Tindakan mustahab memiliki beberapa jenis, diantara yang terpenting adalah:
Mustahab Nafsi atau mustahab dzati: Adalah amalan mustahab yang kemustahabannya karena amalan itu sendiri bukan karena perbuatan lain, seperti salat-salat dan puasa-puasa mustahab seperti puasa pada idul Ghadir
Mustahab Ghairi: Adalah amalan mustahab yang kemustahabannya bukan karena dirinya sendiri namun karena amalan lain ia menjadi mustahab, misalnya mandi untuk pergi ziarah.
Mustahab Aini: Amalan-amalan yang kemustahabannya tetap bagi setiap orang dan meskipun orang lain telah mengamalkan amalan tersebut, namun seseorang tetap dianjurkan untuk melakukan amalan mustahab tersebut seperti salat-salat nafilah atau puasa-puasa mustahab
Mustabab Kifayah: Amalan yang jika orang lain telah mengerjakannya, maka orang lain tidak lagi mustahab untuk melakukan amalan tersebut, seperti adzan
Mustahab Muakkad: Amalan yang ditekankan oleh syara’ untuk mengerjakannya seperti mandi hari Jumat
Hukum-hukum Fikih berkaitan dengan Mustahab
Tidak mengerjakan hal-hal yang dianjurkan dan meninggalkannya menurut sebagian fukaha adalah makruh meskipun menurut pendapat masyhur tidak melakukan hal-hal mustahab tidaklah makruh.

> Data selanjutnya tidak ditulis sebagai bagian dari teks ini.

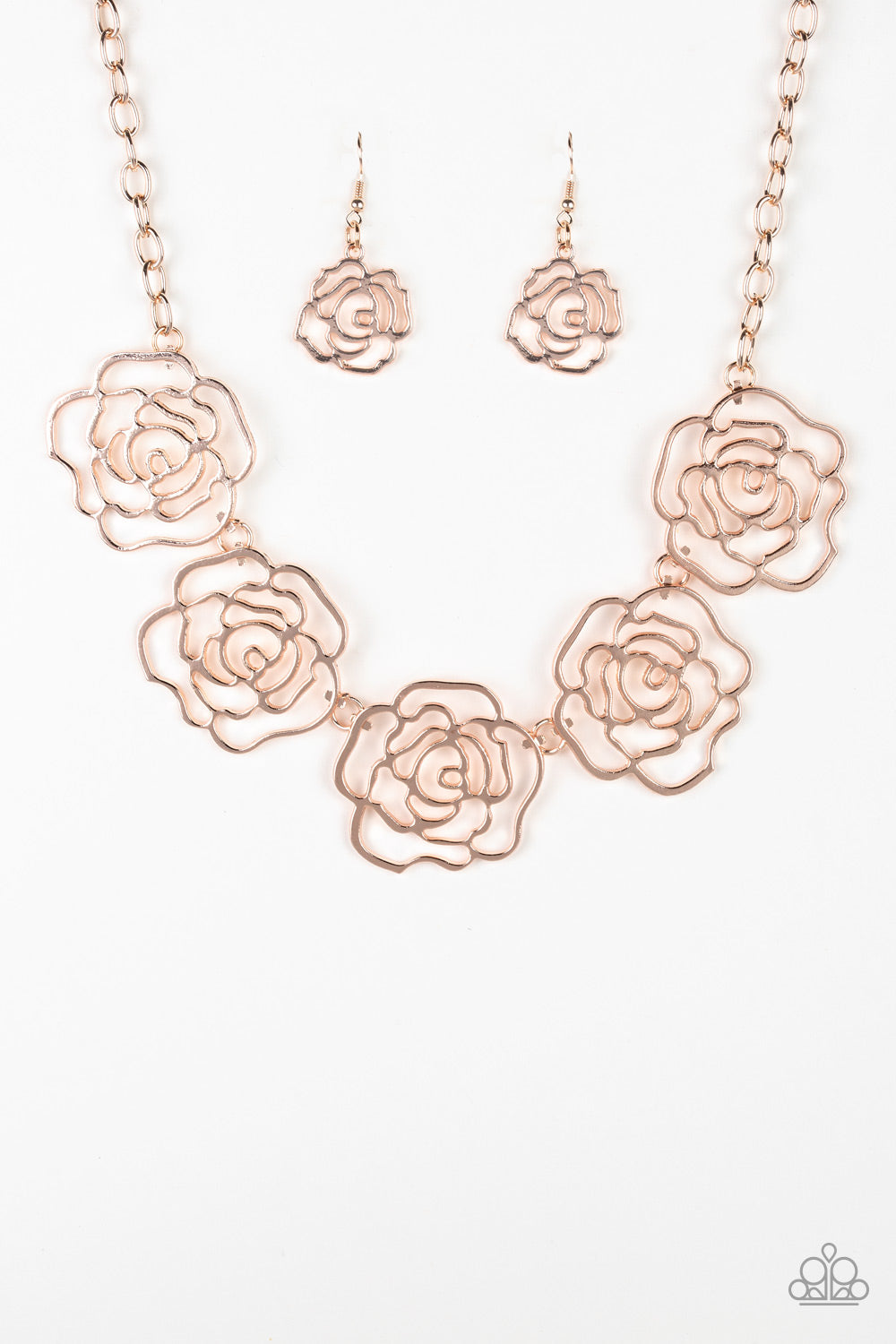 Budding Beauty Rose Gold Necklace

Mengerjakan pekerjaan-pekerjaan sebagai mukadimah mustahab, berdasarkan pendapat sebagian fukaha adalah mustahab seperti menyediakan air untuk berwudhu dimana wudhunya itu adalah wudhu yang mustahab atau menyediakan air untuk mandi Jum’at
Memutus amalan ibadah mustahab setelah memulainya adalah makruh, khususnya salat mustahab dan membatalkan puasa mustahab setelah waktu dhuhur.
Menurut pendapat masyhur fukaha tidak menyelesaikan sebagian amalan mustahab hukumnya haram. contohnya, jika seseorang memulai haji dan umrah, maka ia wajib menyelesaikannya. Begitu juga dalam i’tikaf,jika pelaku i’tikaf (mu’takif) berpuasa pada dua hari pertama, maka ia wajib berpuasa pada hari ketiga dan wajib menyelesaikan i’tikafnya serta haram memutusnya.